Origami and Kirigami, the famous Japanese art forms of paper folding and cutting, have inspired the design of novel materials & structures utilizing their geometry. In this article, we explore the geometry of the lesser known popup art, which uses the facilities of both origami and kirigami via appropriately positioned folds and cuts. The simplest popup-unit resembles a four-bar mechanism, whose cut-fold pattern can be arranged on a sheet of paper to produce different shapes upon deployment. Each unit has three parameters associated with the length and height of the cut, as well as the width of the fold. We define the mean and Gaussian curvature of the popup structure via the discrete surface connecting the fold vertices and develop a geometric description of the structure. Using these definitions, we arrive at a design pipeline that identifies the cut-fold pattern required to create popup structure of prescribed shape which we test in experiments. By introducing splay to the rectangular unit-cell, a single cut-fold pattern is shown to take multiple shapes along the trajectory of deployment, making possible transitions from negative to positive curvature surfaces in a single structure. We demonstrate application directions for these structures in drag-reduction, packaging, and architectural facades.

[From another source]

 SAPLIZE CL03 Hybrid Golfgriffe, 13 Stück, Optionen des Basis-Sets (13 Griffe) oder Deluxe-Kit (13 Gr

翻译：折纸与剪纸作为日本著名的纸艺形式，其几何原理启发了新型材料与结构的设计。本文探讨了相对鲜为人知的弹跳式立体纸艺的几何学，该艺术形式通过合理布置折痕与切口，综合运用了折纸与剪纸的技法。最基本的弹跳单元类似于四连杆机构，其切-折图案可排列在纸面上，在展开时形成不同形状。每个单元具有三个参数，分别对应切口的长度与高度，以及折痕的宽度。我们通过连接折痕顶点的离散曲面定义了弹跳结构的平均曲率与高斯曲率，并建立了该结构的几何描述。基于这些定义，我们构建了一套设计流程，可识别生成指定形状弹跳结构所需的切-折图案，并通过实验进行了验证。通过对矩形单元引入展开变形，单个切-折图案可沿展开轨迹呈现多种形态，使得单一结构能够实现从负曲率曲面到正曲率曲面的过渡。我们展示了此类结构在减阻、包装和建筑立面等领域的应用方向。